Wir haben uns vor 20 Jahren unter ungewöhnlichen Umständen kennengelernt. Seitdem ist jeder von uns ein Teil des Lebens des anderen geworden. Jetzt höre ich, daß du ausgewiesen wurdest. Deshalb habe ich mich dafür entschieden, Dir diesen offenen Brief zu schreiben. Zuerst will ich nochmals Deine Geschichte erzählen.

Nach dem Sechs-Tage-Krieg 1967 kamst Du mit zwei anderen Menschen, um das Haus in Ramle anzusehen, in dem Du geboren wurdest. Dies war meine erste Begegnung mit Palästinensern. Meine Familie und ich lebten schon seit 1948 in diesem Haus. Wir zogen ein, nachdem Deine Familie gezwungen worden war, das Haus zu verlassen. Wir waren zusammen mit 50.000 anderen bulgarischen Juden in den neuen Staat Israel gekommen, und Euer Haus wurde als „verlassenes Eigentum“ betrachtet.

Nach Eurem ersten Besuch 1967 nahm ich Eure Einladung zu einem Besuch bei Euch in Eurer neuen Heimat Ramallah an, wo ich sehr gastfreundlich empfangen wurde. Wir sprachen stundenlang und bauten eine warme persönliche Beziehung auf. Auf der anderen Seite wurde deutlich, daß unsere politischen Auffassungen sehr weit voneinander entfernt waren.

Aber es ergaben sich einige Veränderungen in meiner Perspektive. Ein unvergeßlicher Tag, als Dein Vater, begleitet von Deinem Bruder, in unser Haus in Ramle kam. Dein Vater war damals alt und blind. Er berührte die unebenen Steine des Hauses. Er fragte dann, ob der Zitronenbaum noch im Hinterhof stehe. Er wurde zu dem vollen Baum geführt, den er viele Jahre zuvor angepflanzt hatte. Er liebkoste ihn und stand schweigend dort. Tränen rannen über sein Gesicht.

Viele Jahre später, nach dem Tod Deines Vaters, erzählte mir Deine Mutter, daß er immer dann, wenn er nachts nicht schlafen konnte, in Eurer gemieteten Wohnung in Ramallah auf und ab ging und in seiner Hand eine verschrumpelte Zitrone hielt. Es war dieselbe Zitrone, die ihm mein Vater bei seinem Besuch gegeben hatte.

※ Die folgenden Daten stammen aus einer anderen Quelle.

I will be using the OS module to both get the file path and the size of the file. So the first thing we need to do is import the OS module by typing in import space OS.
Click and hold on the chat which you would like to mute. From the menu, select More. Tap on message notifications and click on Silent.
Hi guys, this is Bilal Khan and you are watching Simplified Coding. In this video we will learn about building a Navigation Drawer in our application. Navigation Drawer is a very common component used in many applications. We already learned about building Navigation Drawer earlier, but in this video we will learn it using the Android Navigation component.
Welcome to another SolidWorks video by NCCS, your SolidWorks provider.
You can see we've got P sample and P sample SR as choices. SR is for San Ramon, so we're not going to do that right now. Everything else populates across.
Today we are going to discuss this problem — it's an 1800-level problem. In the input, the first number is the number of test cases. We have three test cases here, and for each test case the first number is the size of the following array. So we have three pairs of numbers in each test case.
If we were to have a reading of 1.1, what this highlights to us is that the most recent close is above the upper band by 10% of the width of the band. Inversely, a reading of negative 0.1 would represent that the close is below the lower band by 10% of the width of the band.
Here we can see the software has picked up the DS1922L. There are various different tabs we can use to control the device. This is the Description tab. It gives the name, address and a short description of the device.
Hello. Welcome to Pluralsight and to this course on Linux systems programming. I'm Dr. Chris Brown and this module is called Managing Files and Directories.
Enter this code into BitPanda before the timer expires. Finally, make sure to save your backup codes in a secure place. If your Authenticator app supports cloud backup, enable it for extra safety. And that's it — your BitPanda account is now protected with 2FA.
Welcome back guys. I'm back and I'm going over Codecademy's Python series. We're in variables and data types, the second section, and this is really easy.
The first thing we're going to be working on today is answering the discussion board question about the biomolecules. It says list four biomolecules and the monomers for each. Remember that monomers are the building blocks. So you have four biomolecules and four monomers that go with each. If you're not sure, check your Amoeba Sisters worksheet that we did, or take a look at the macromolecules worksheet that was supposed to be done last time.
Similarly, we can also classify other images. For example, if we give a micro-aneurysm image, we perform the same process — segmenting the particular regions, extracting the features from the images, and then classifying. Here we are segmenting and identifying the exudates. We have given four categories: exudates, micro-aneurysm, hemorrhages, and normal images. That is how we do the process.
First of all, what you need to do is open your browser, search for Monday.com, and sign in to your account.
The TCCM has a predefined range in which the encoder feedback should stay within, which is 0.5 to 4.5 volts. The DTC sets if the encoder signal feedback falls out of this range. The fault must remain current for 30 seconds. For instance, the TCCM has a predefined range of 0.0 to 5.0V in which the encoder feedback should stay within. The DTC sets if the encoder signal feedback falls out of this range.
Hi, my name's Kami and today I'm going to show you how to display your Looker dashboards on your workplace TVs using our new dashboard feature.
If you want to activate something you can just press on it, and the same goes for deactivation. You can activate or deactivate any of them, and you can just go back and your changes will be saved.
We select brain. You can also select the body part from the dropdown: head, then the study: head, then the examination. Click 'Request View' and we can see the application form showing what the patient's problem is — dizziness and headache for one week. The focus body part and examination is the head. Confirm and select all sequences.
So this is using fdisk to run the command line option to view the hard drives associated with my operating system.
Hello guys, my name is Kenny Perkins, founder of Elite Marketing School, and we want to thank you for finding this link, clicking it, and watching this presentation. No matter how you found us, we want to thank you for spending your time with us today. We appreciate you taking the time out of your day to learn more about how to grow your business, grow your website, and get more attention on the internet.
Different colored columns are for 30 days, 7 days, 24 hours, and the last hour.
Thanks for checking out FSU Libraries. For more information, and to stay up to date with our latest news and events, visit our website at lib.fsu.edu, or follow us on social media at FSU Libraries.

Von der Zeit unseres Zusammentreffens an wuchs in mir das Gefühl, daß zu Hause nicht nur mein zu Hause war. Der Zitronenbaum, der so viele Früchte trug und uns so viel Freude bereitete, lebte auch in den Herzen anderer Menschen. Das geräumige Haus mit den hohen Decken, den großen Fenstern und dem großen Grundstück war nicht länger nur ein „arabisches Haus“, eine begehrenswerte Form der Architektur. Hinter ihm waren jetzt Gesichter. Die Wände riefen die Erinnerungen und Tränen anderer Menschen wach.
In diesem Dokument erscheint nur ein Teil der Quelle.